WHAT TO DO: Transcribe, word for word, only the lines from the one containing "Certified 2025 Lexus" through the end of the material below. Pictures stay out.

# # # # #

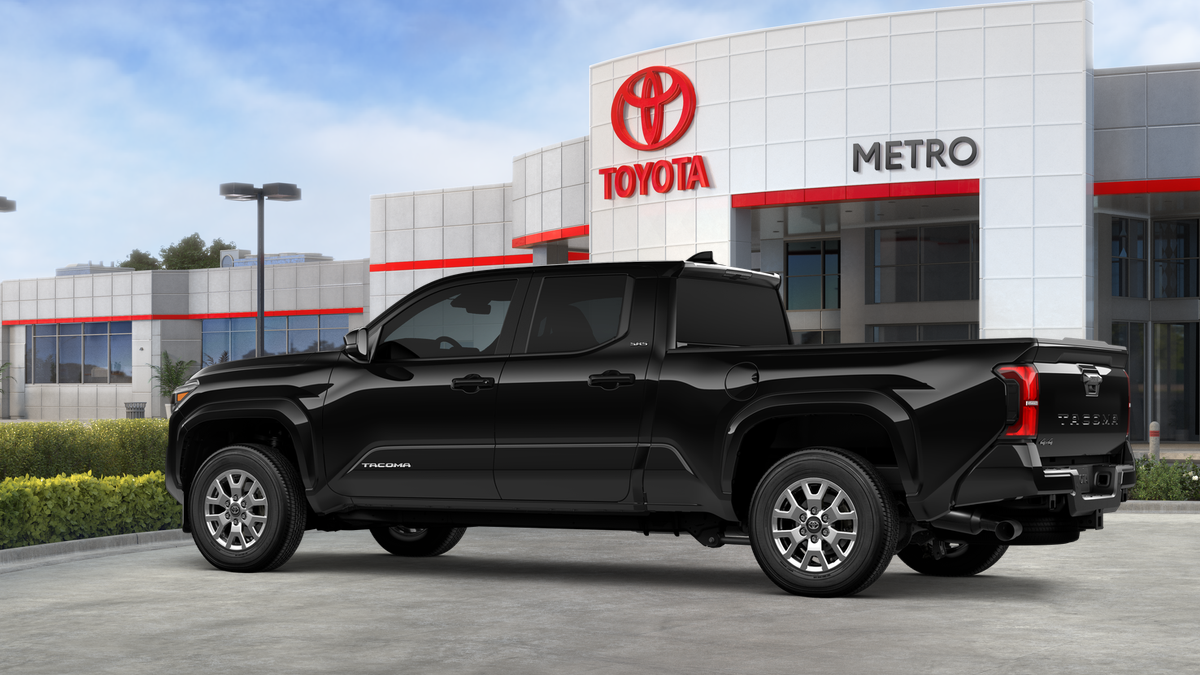 2025 Toyota Tacoma SR5 Double Cab photo 5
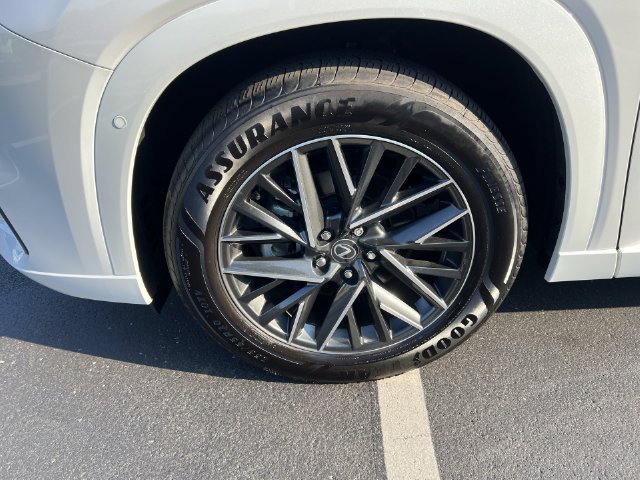 Certified 2025 Lexus TX 350 AWD w/ Technology Package image 8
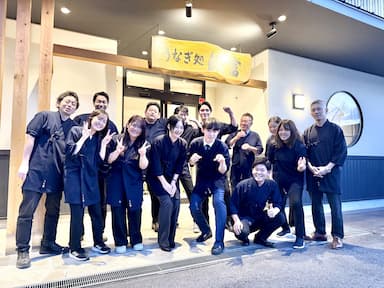 出店計画もあり、店長候補として経営スキルを身につける新メンバーを募集！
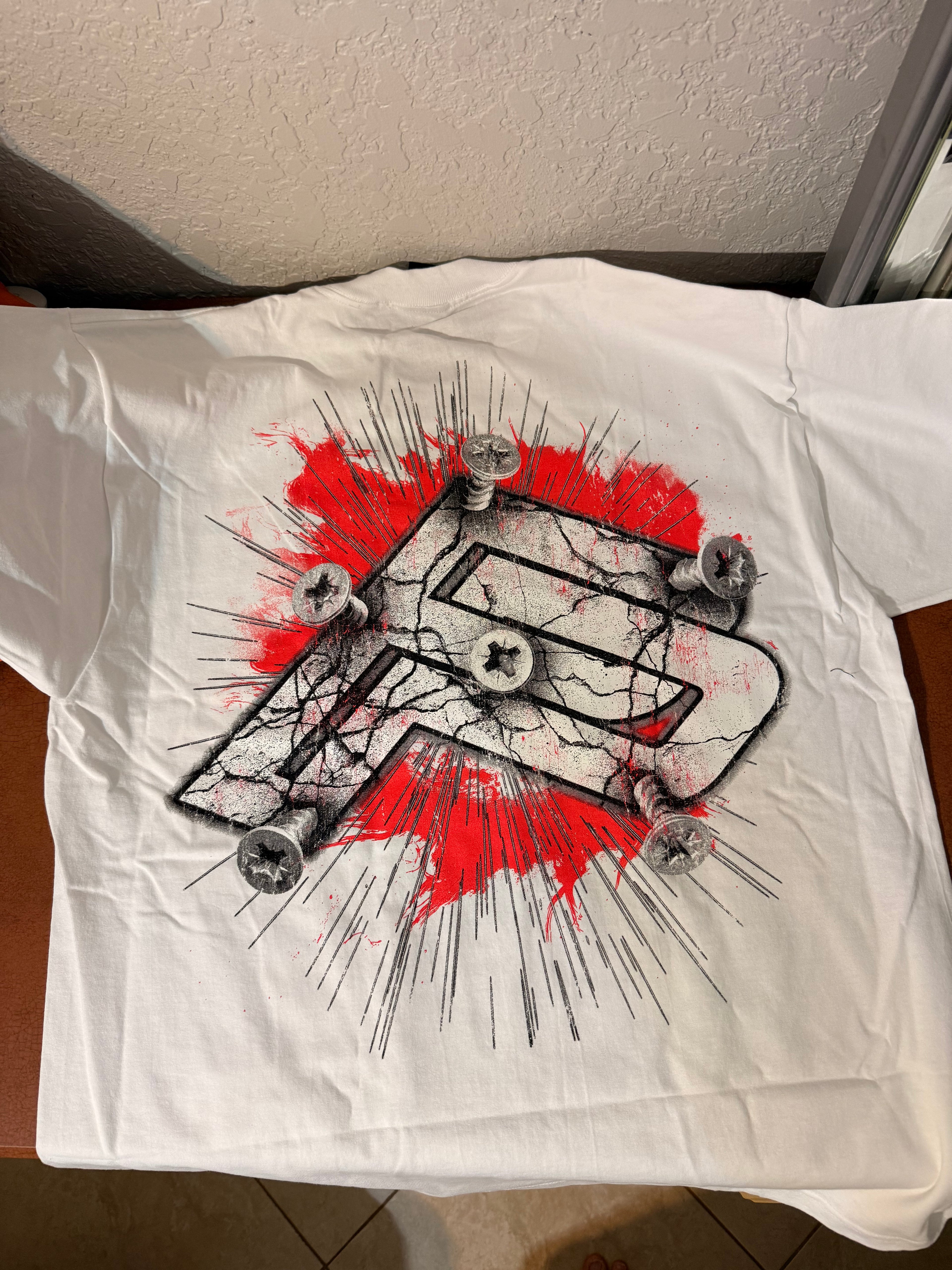 Private Property Men’s XL White Graphic Skull Crew Neck Short Sleeve T-Shirt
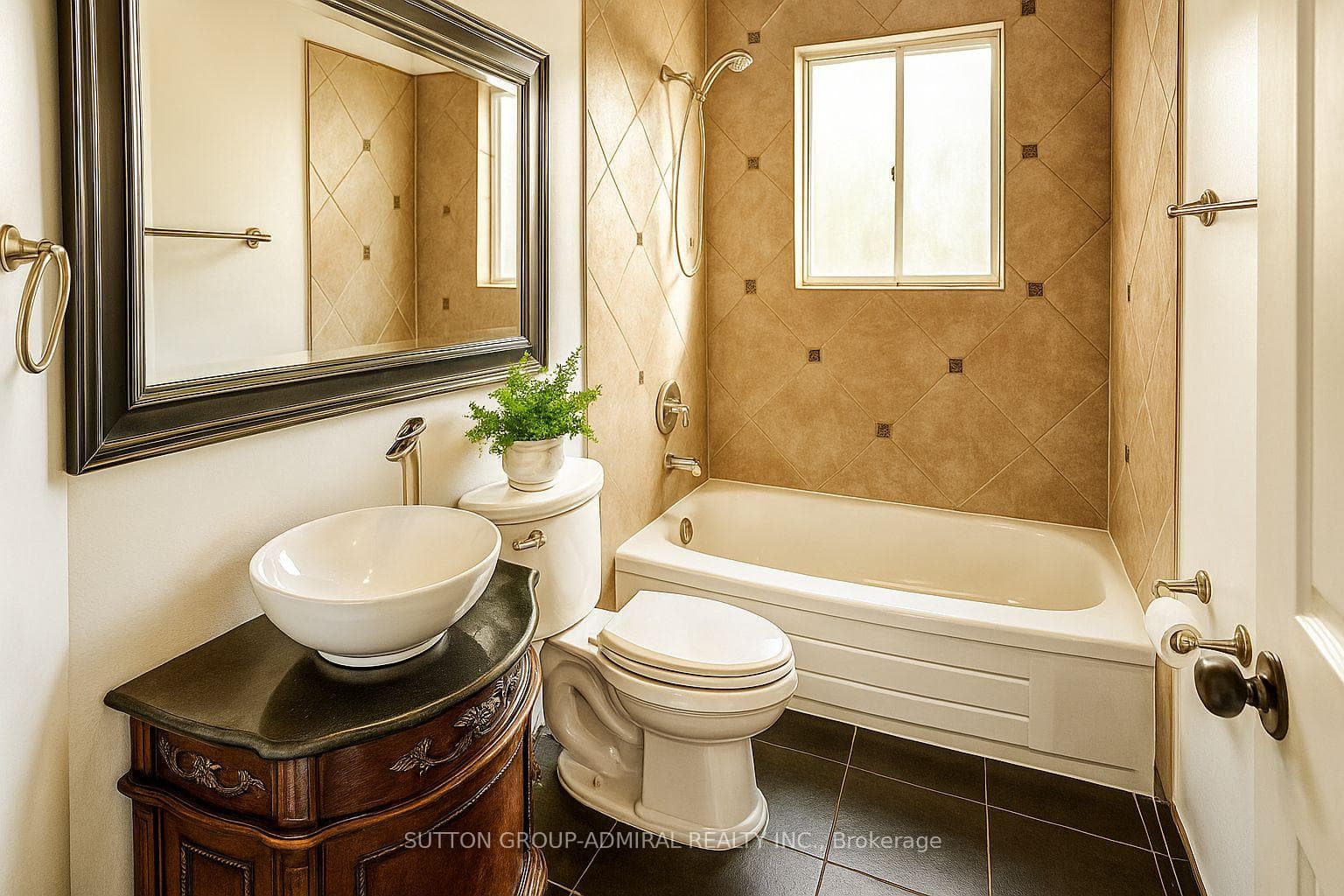 23 Mccormack Street photo 18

# # # # #

REPLY TO THE TASK:
 Certified 2025 Lexus TX 350 AWD w/ Technology Package image 8
 出店計画もあり、店長候補として経営スキルを身につける新メンバーを募集！
 Private Property Men’s XL White Graphic Skull Crew Neck Short Sleeve T-Shirt
 23 Mccormack Street photo 18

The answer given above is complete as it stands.